/ un relato de José Manuel Ferrández Verdú /
Iban andando por el desierto Edipo y un hombre con perilla en medio de pedruscos llenos de lagartos, escolopendras y alacranes negros del desierto.
-—Mira —dijo el de la perilla—: tú lo que tienes que hacer es eliminar a tu padre
—¿Y qué gano yo con eso? —dijo Edipo.
—Pues podrás heredar enseguida y gastarte el dinero en lo que te apetezca.
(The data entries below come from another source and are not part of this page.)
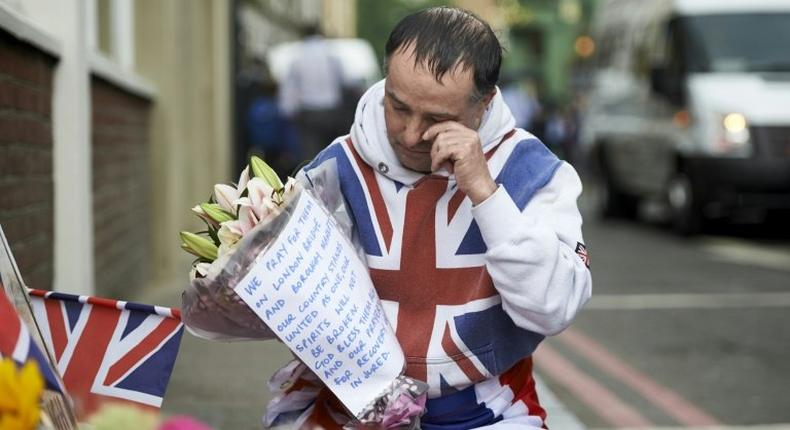 A man lays flowers at a makeshift memorial near Borough Market in London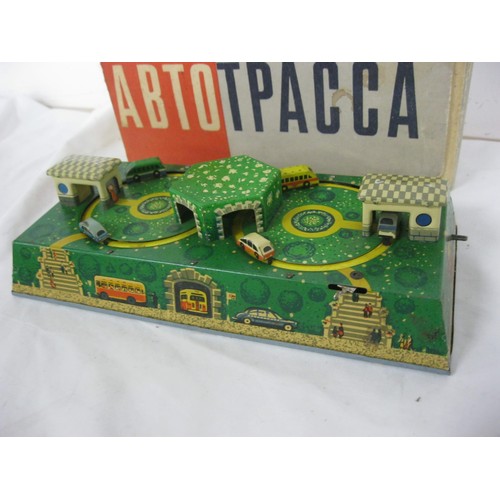 3 - A boxed Soviet-era Russian clockwork toy featuring trucks and buses circling their garages, in worki... 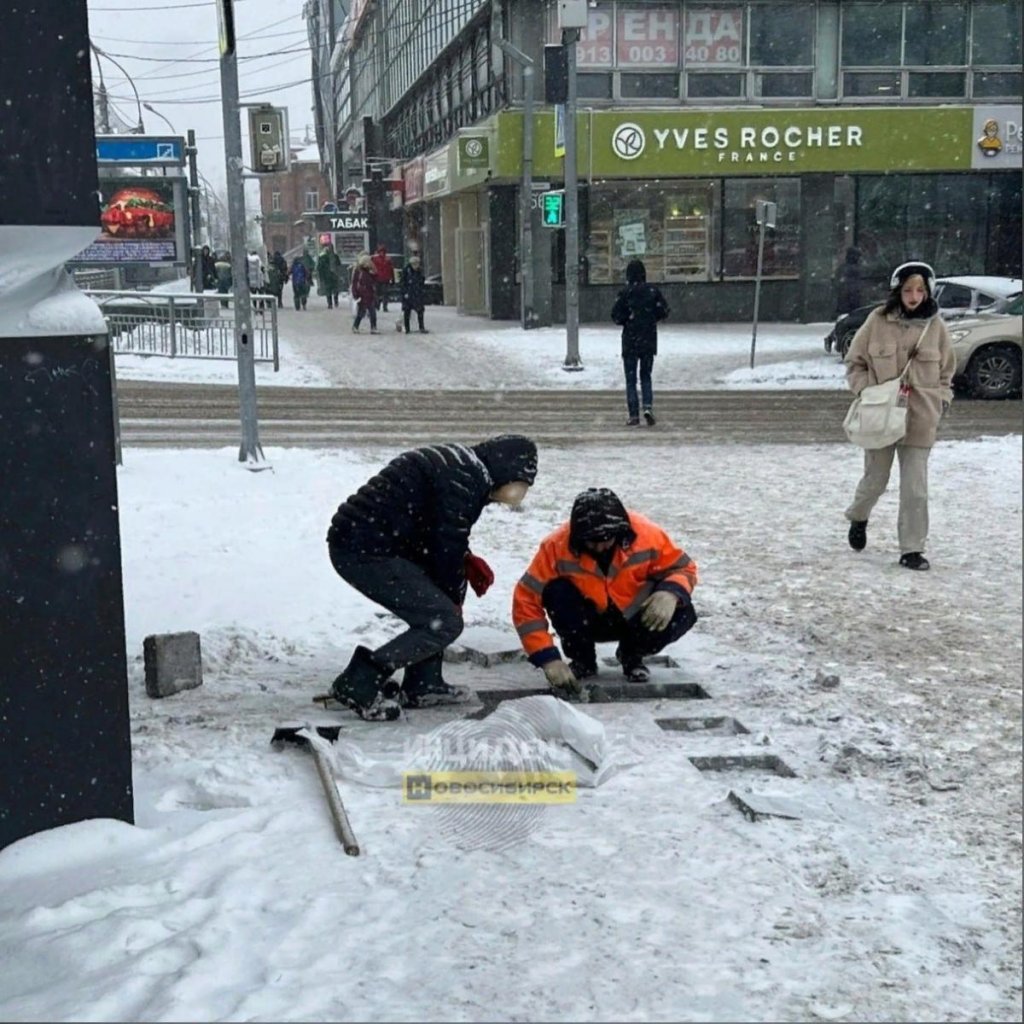 Рабочие кладут плитку в снег около Первомайского сквера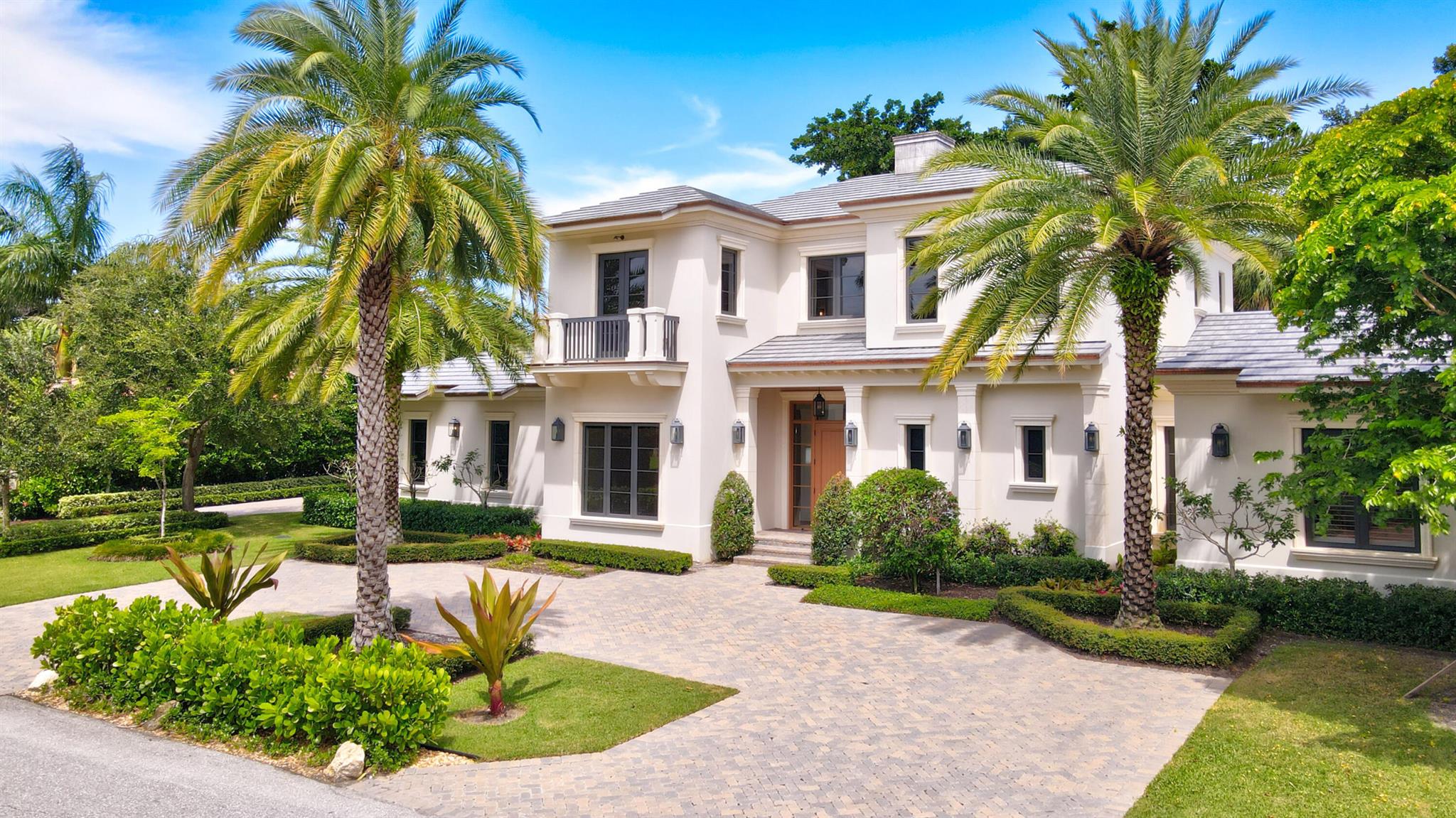 Classic Coastal construction custom residence nestled on a quiet cul-de-sac street, walking distance to the ocean and intracoastal waterway. Modern elegance with a clean line transitional design, showcasing decorative ceilings, detailed moldings and rich hardwood floors. A first floor primary suite, additional bedroom/office with two second floor ensuite bedrooms plus an entertainment/game area. Built by Seaside Builders and architecturally designed Richard Jones.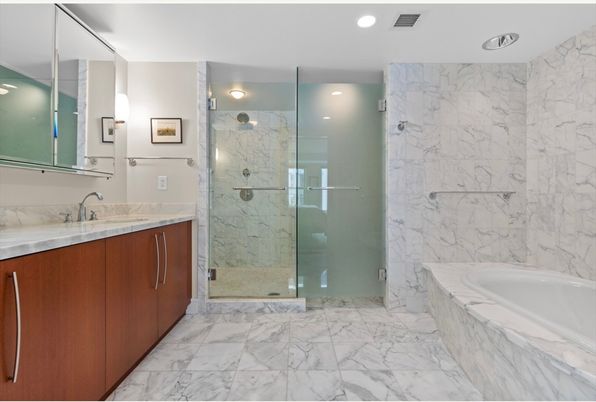 Bathroom, Dual Sink Vanities, Glass Shower, Interior, Marble, Marble Walls, Recessed Lighting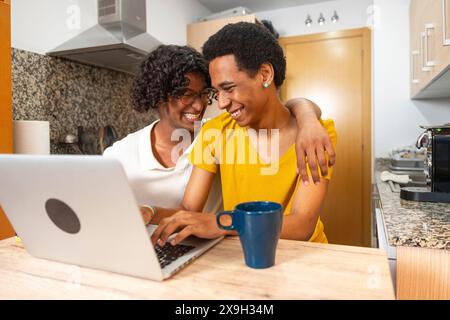 Gay couple laughing and embracing while using laptop drinking coffee sitting in the kitchen at home Stock Photo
—Pero no es fácil eliminar a mi padre, es un buen hombre que no me ha hecho nada malo: al contrario, me ha salvado la vida docenas de veces, y hasta me quiso pagar la carrera de psicología, pero yo no quise saber nada de estudiar; prefiero farolear por ahí en busca de aventuras y pasarlo bien.
—Así no vas a conseguir nada en la vida, porque todo el mundo tiene que liquidar a su padre si quiere llegar a ser alguien importante.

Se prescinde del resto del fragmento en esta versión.